Are you putting each stack in a separate rack? If not, then you could have downtime later to move shelves so you can add more disks... I like the idea of 4 stacks, but if 2 stacks saves you from having to move shelves later, then it is a better option since you can add stacks 3 and 4 later as new stacks.. but if you won't exceed your current rackspace, then 4 do make sense. Do a cable audit since you might need some additional cables of different lengths than the ones that shipped if the shipment assumed 2 stacks. With MPHA, you get 24GB/sec to the back of each loop with 2 paths of 4x3GB lanes...so bandwidth to the shelves shouldn't be a bottleneck.

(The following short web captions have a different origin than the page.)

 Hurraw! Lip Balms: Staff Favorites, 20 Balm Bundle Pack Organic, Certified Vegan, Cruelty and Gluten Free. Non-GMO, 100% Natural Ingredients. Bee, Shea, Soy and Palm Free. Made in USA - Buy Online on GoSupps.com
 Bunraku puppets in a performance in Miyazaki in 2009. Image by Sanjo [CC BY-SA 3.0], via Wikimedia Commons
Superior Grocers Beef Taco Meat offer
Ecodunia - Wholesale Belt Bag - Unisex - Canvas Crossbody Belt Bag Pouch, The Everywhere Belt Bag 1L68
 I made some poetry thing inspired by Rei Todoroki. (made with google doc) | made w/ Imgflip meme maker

I'd recommend number each stack with room to grow. So the first stack has disk shelves 11,12,13,14, the second stack 21,22,23,24, the third stack 3x, forth 4x. This'll make it really easy to identify and also really easy to expand without too much forward planning.

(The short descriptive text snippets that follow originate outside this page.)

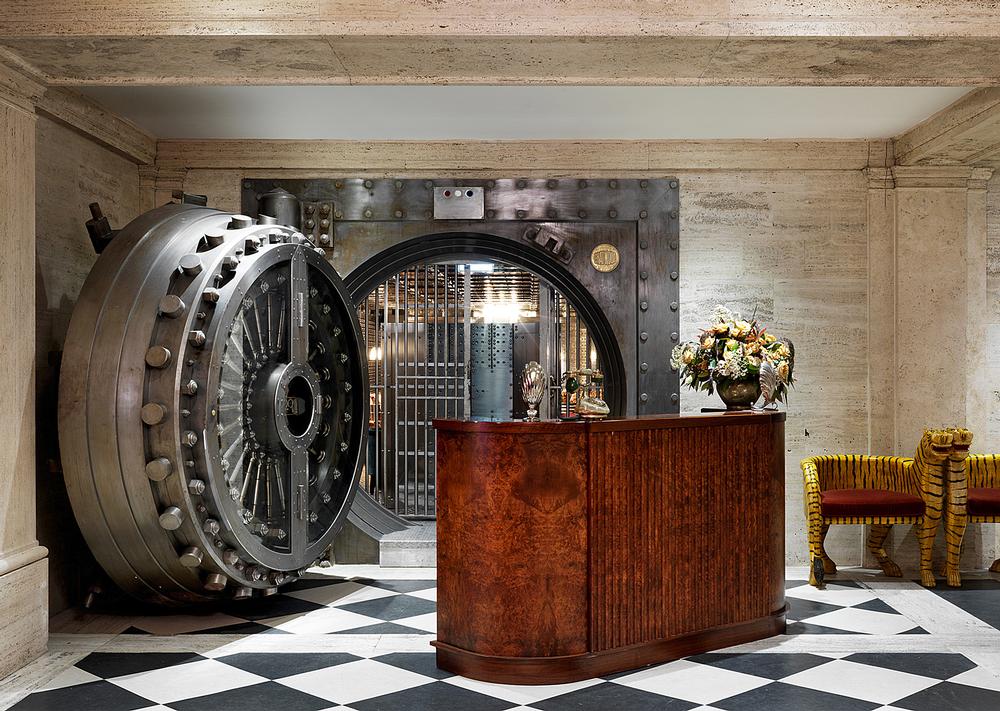 The Vault Door leads to The Ned’s members’ club, housed in the former bank strongroom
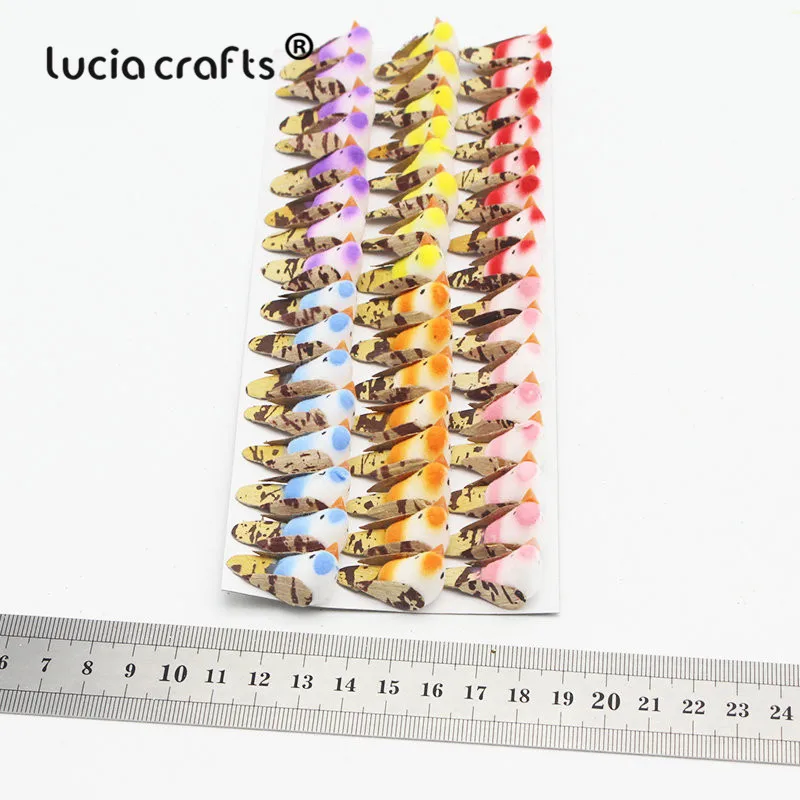 Lucia Crafts 48 шт. смешанных искусственных поролоновых птиц рождественские фотообои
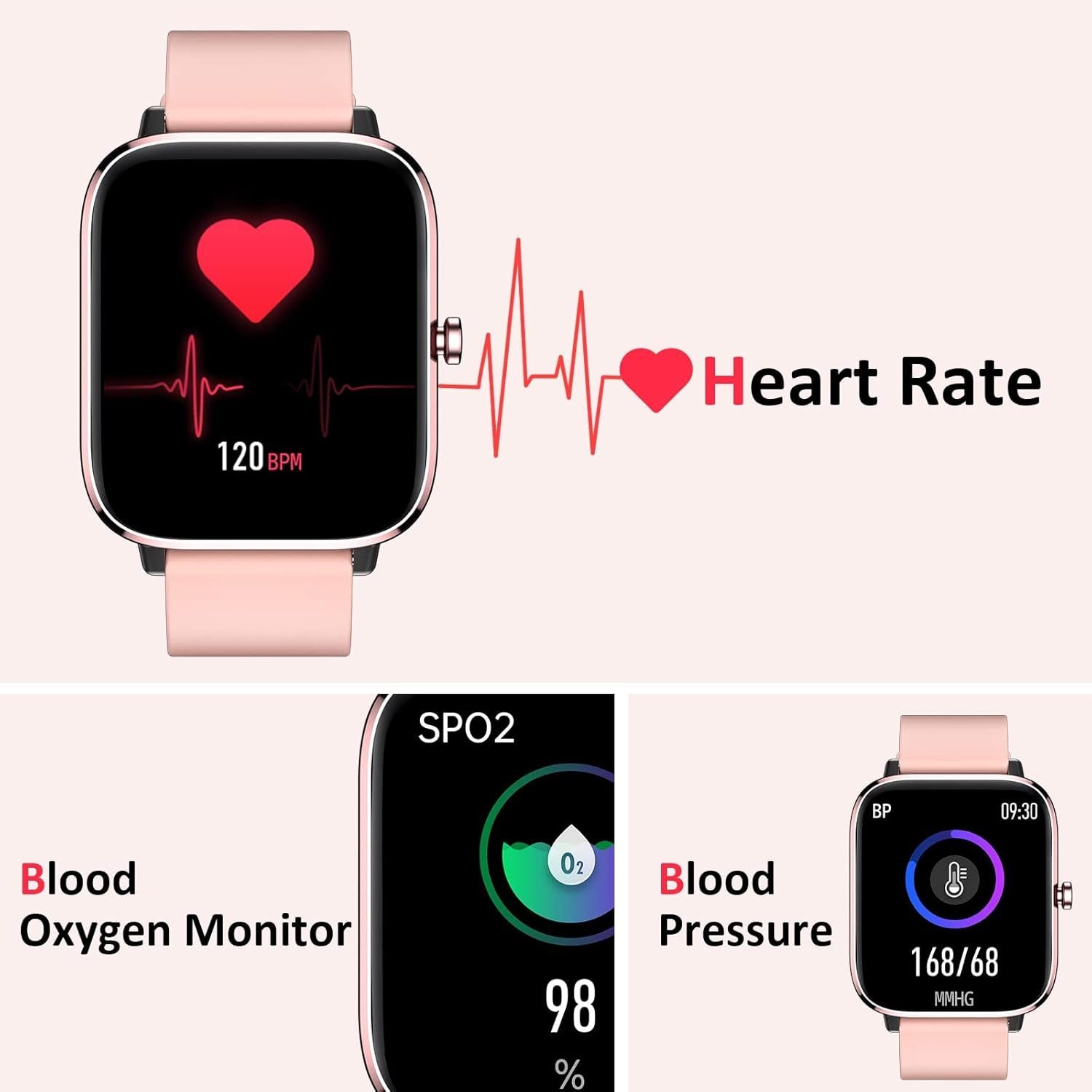 New Smartwatches Now On Sale, Featuring Message Alerts, Call Answering, Health Monitoring, Activity Tracking, Notification Reminders, And Fitness Functions.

Stretching a stack into a different rack isn't too much of an issue, you can get 5m SAS cables I believe and this is more than enough to stretch to the next rack if needed.
I second the 4x4 approach. As you say, the best back-end performance. Additionally it's the highest level of resiliency as you have to lose more loops to make something catastrophic happen! Just make sure you split all the SAS connectivity across multiple IO boards (PCIe or onboard).